-1

I have a program who read information from database. Sometimes, the message is bigger that expected. So, before send that message to my broker I zip it with this code:

public static byte[] zipBytes(byte[] input) throws IOException {
        ByteArrayOutputStream bos = new ByteArrayOutputStream(input.length);
        OutputStream ej = new DeflaterOutputStream(bos);
        ej.write(input);
        ej.close();
        bos.close();
        return bos.toByteArray();
    }

Recently, i retrieved a 80M message from DB and when execute my code above just OutOfMemory throw on the "ByteArrayOutputStream" line. My java program just have 512 of memory to do all process and cant give it more memory.

How can I solve this?

This is no a duplicate question. I cant increase heap size memory.

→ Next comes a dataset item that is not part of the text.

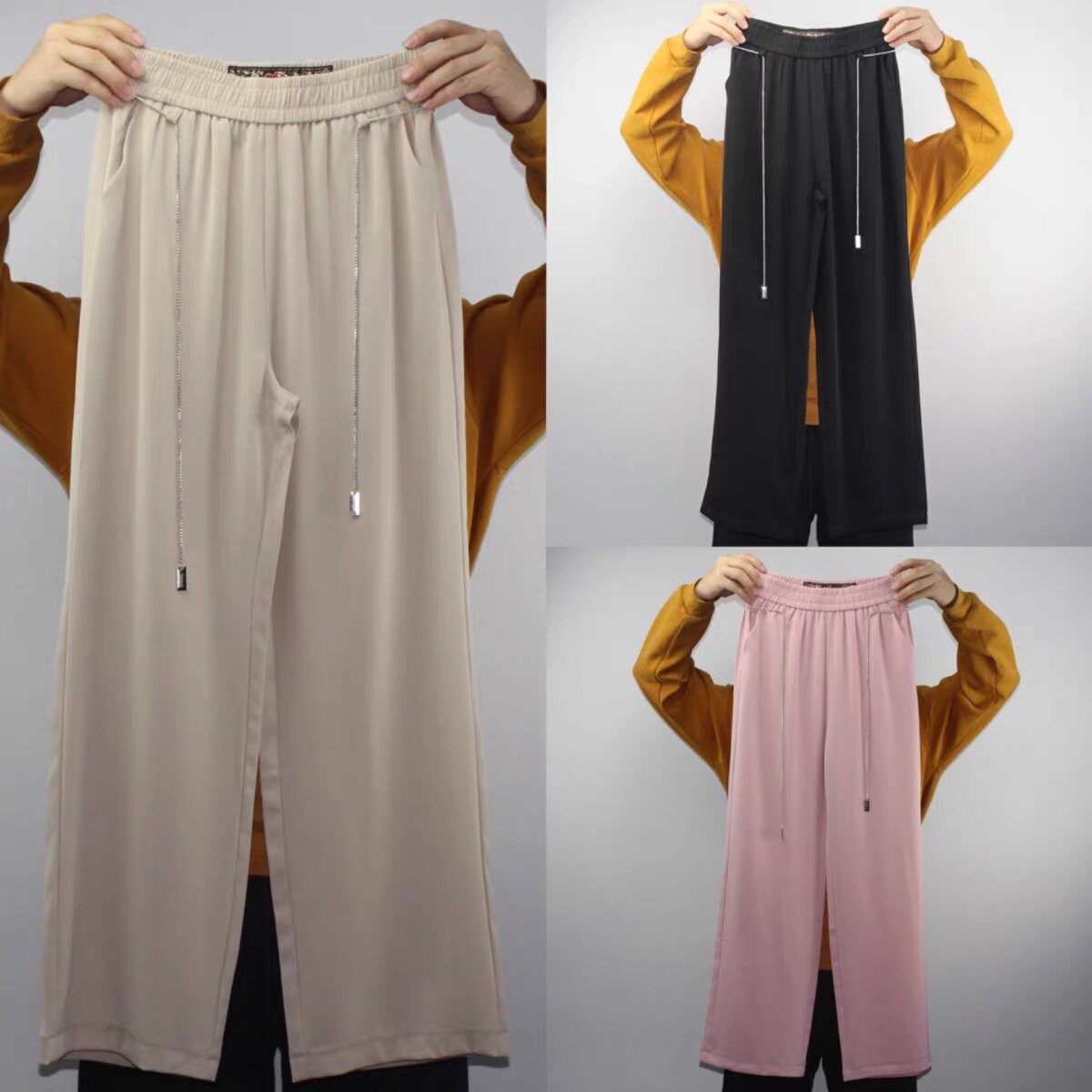 2026春夏款新款香港花牌BASHA芭莎高腰薄料垂感阔腿休闲裤女宽松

EDIT: This is flow of my java code:

rs = stmt.executeQuery("SELECT data FROM tbl_alotofinfo"); //rs is a valid resulset
while(rs.next()){
   byte[] bt = rs.getBytes("data");
   if(bt.length > 60) { //only rows with content > 60. I need to know the size of message, so if I use rs.getBinaryStream I cannot know the size, can I?
      if(bt.length >= 10000000){
         //here I need to zip the bytearray before send it, so
         bt = zipBytes(bt); //this method is above
         // then publish bt to my broker
      } else {
         //here publish byte array to my broker
      }
   }
}

EDIT Ive tried with PipedInputStream and the memory that process consume is same as zipBytes(byte[] input) method.

private InputStream zipInputStream(InputStream in) throws IOException {
        PipedInputStream zipped = new PipedInputStream();
        PipedOutputStream pipe = new PipedOutputStream(zipped);
        new Thread(
                () -> {
                    try(OutputStream zipper = new DeflaterOutputStream(pipe)){
                        IOUtils.copy(in, zipper);
                        zipper.flush();
                    } catch (IOException e) {
                        IOUtils.closeQuietly(zipped);  // close it on error case only
                        
                        e.printStackTrace();
                    } finally {
                        IOUtils.closeQuietly(in);
                        IOUtils.closeQuietly(zipped);
                        IOUtils.closeQuietly(pipe);
                    }
                }
        ).start();
        return zipped;
    }

How can I compress by Deflate my InputStream?

EDIT

That information is sent to JMS in Universal Messaging Server by Software AG. This use a Nirvana client documentation: https://documentation.softwareag.com/onlinehelp/Rohan/num10-2/10-2_UM_webhelp/um-webhelp/Doc/java/classcom_1_1pcbsys_1_1nirvana_1_1client_1_1n_consume_event.html and data is saved in nConsumeEvent objects and the documentation show us only 2 ways to send that information: nConsumeEvent (String tag, byte[] data) nConsumeEvent (String tag, Document adom)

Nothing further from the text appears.